Model Website: This can be a link to your model repository or another website that you may maintain that provides additional context about your model.
Model Family: Model family refers to a group of models with similar characteristics. If you have several procedures based on the same underlying model family, you can link those models or model procedures here under a common family name of your choosing, such as LPJmL. If your model does not have a natural grouping with other models, you can name it under an appropriate category related to your model or repeat your model name.
Model Description: Your description here is the forward-facing documentation about your model that the end-user will see. Include as much information as possible to explain what your model does and what it produces. Include any notes that may be required to explain any model idiosyncrasies. If your model takes a long time to run, you may want to include an estimated run time.

`Model Specifics Form`:

The Model Specifics Form captures general metadata about you and your model.

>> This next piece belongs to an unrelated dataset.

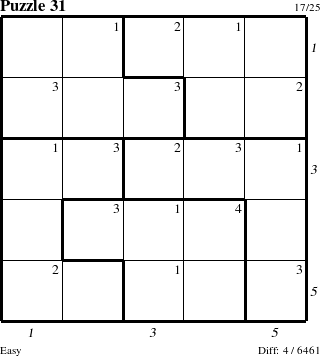 Step-by-Step Instructions for Puzzle 31 with all 4 steps marked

There is a short demo video below, as well as definitions for each field:

Model Specifics Form Field Definitions:

Maintainer Name: The primary point of contact for the model.
Maintainer Email: The primary point of contact’s e-mail address. If you have one, a group e-mail is also acceptable.
Maintainer Organization: The organization that developed the model.
Is this model stochastic?: Check yes or no depending on your model.
Category: Common groupings that you would like your model categorized as. After typing your desired category, press the space bar to add additional categories. The categories associated with your model enable better discoverability of your model when the end-user searches for a broad model-type.

Note: Spaces are not allowed when entering your category. To include a multi-word category, replace spaces with underscores. For example, crop production would be entered as crop_production.

There may be an option at the bottom of the screen asking Would you like to reconnect to an existing model? If you are returning to Dojo and would like to continue working in your pre-existing container (with all of your previous work), select your active model container to be re-directed to the model execution environment.

Model Geographic Coverage

Model Geographic Coverage allows you to define the geographic areas that your model can be run over. You can add geographic areas by either selecting your area by name or building a bounding box around your area of interest.

Steps to add a geographic coverage by administration levels:

Click on ADD REGIONS BY NAME
In the search box, enter a place name, country, or any admin-level 1 through 3.
Select your desired region from the dropdown menu.
Your selection will appear in the search box: click on ADD REGION to add it to the Selected Regions.
Repeat the process to add any other geographic areas.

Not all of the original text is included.